> Assigned task:
Your answer must consist of the records exactly as given, with no pictures included.
── Provided records
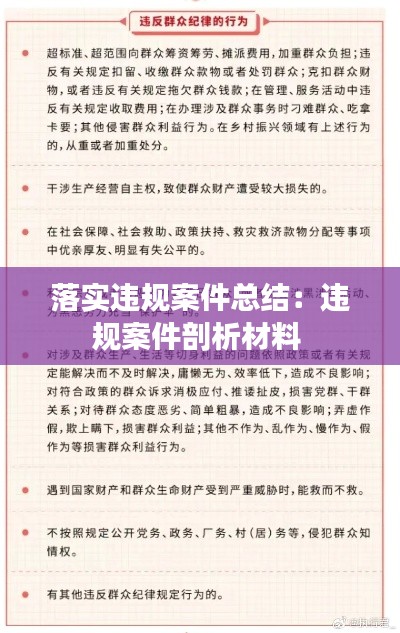 落實違規(guī)案件總結：違規(guī)案件剖析材料 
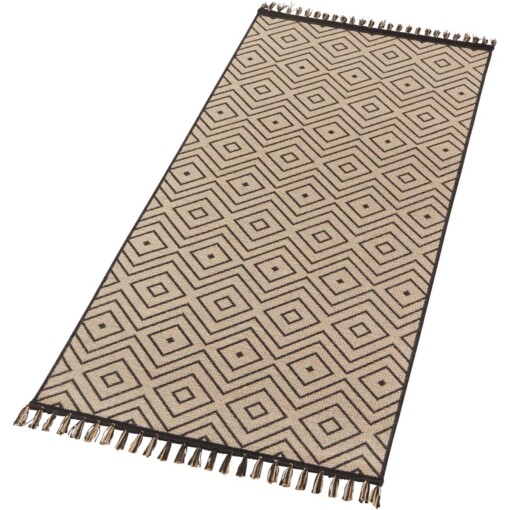 Scandinavische loper Fjord - beige/zwart - overzicht schuin
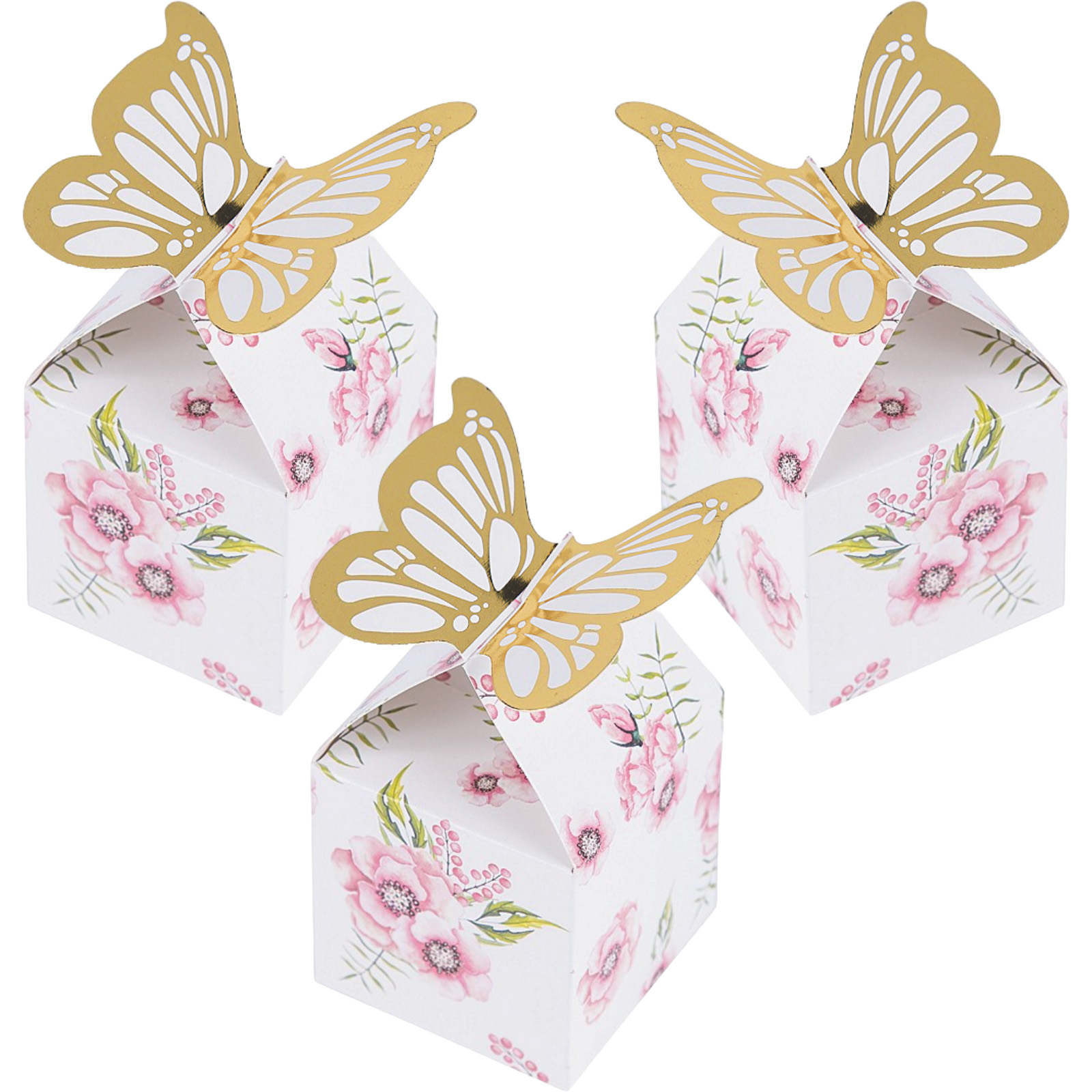 Butterfly Floral Mini Lolly / Treat Boxes 5cm (Pack of 24)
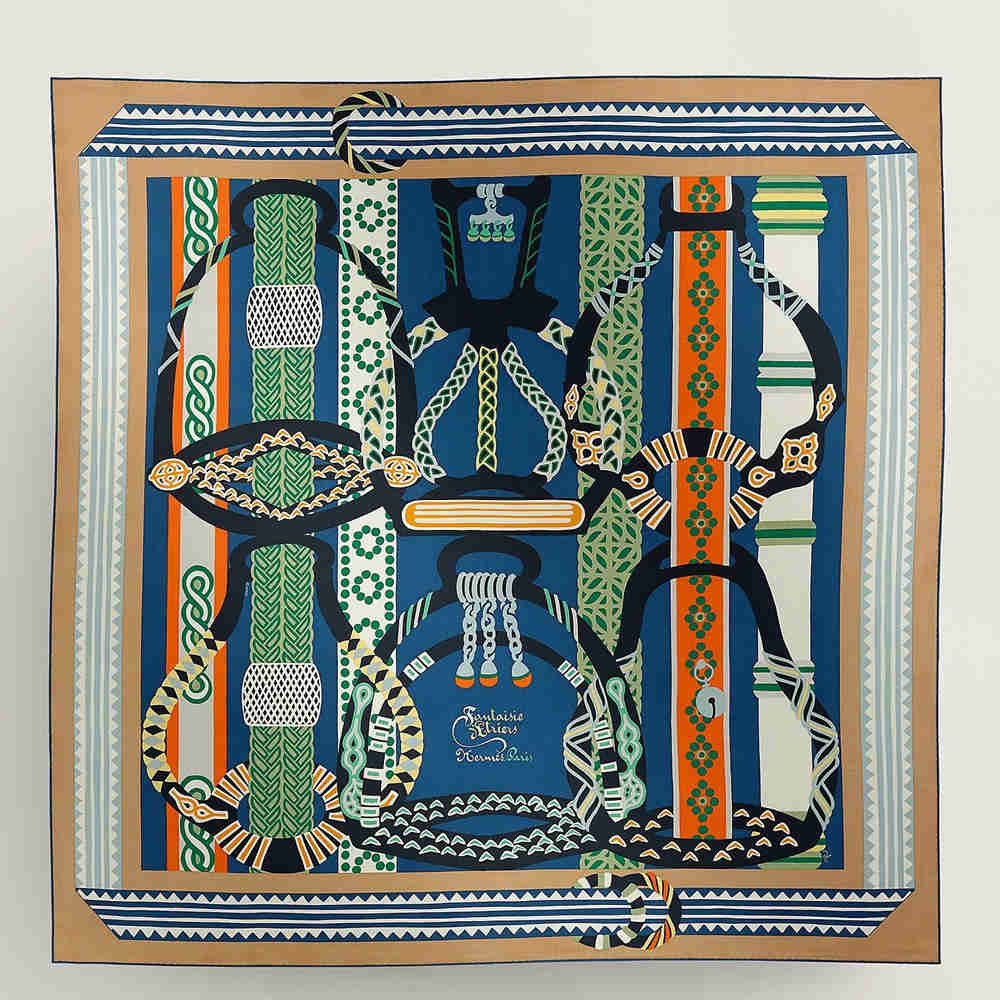 Hermes Multicolore Fantaisie d'Etriers Shawl 140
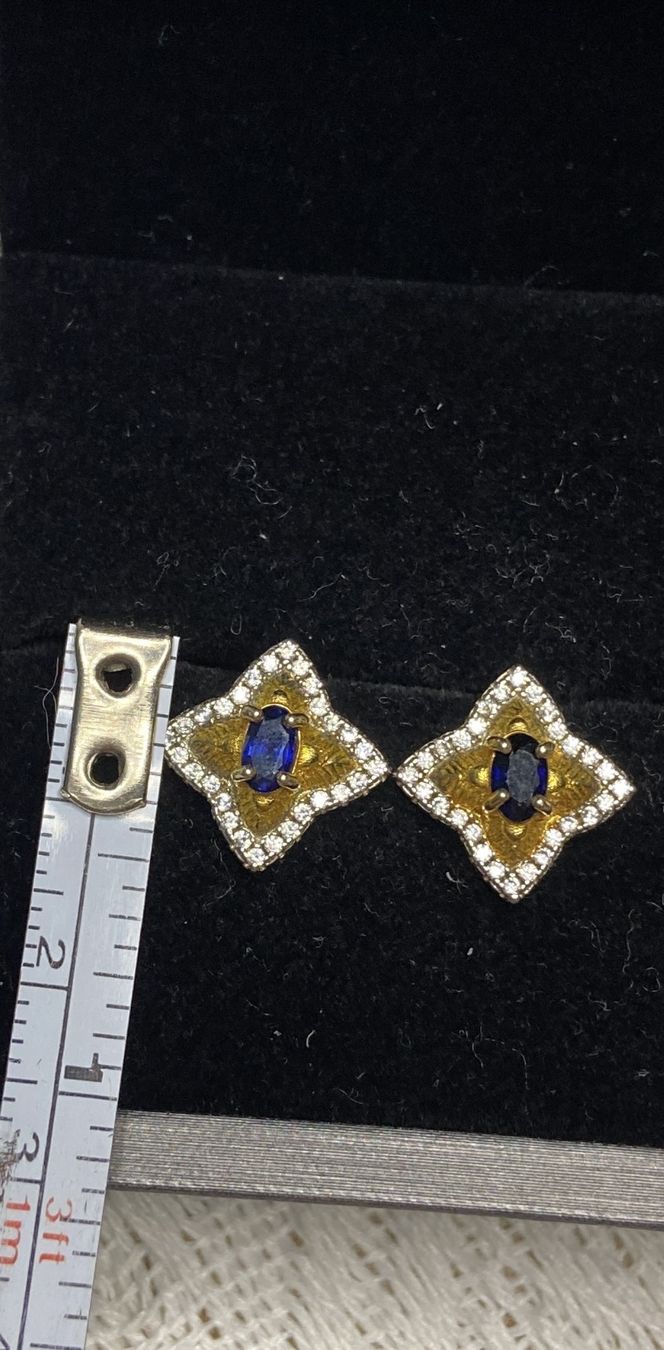 Orecchini pendenti & Orecchini a lobo: Echte Saphir Ohrstecker 925 Silber teils Vergoldet Bicolor  – Nuovo (secondo la descrizione) da St. Gallen venduto da GIULESGG 6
────
> Exercise answer:
 落實違規(guī)案件總結：違規(guī)案件剖析材料 
 Scandinavische loper Fjord - beige/zwart - overzicht schuin
 Butterfly Floral Mini Lolly / Treat Boxes 5cm (Pack of 24)
 Hermes Multicolore Fantaisie d'Etriers Shawl 140
 Orecchini pendenti & Orecchini a lobo: Echte Saphir Ohrstecker 925 Silber teils Vergoldet Bicolor  – Nuovo (secondo la descrizione) da St. Gallen venduto da GIULESGG 6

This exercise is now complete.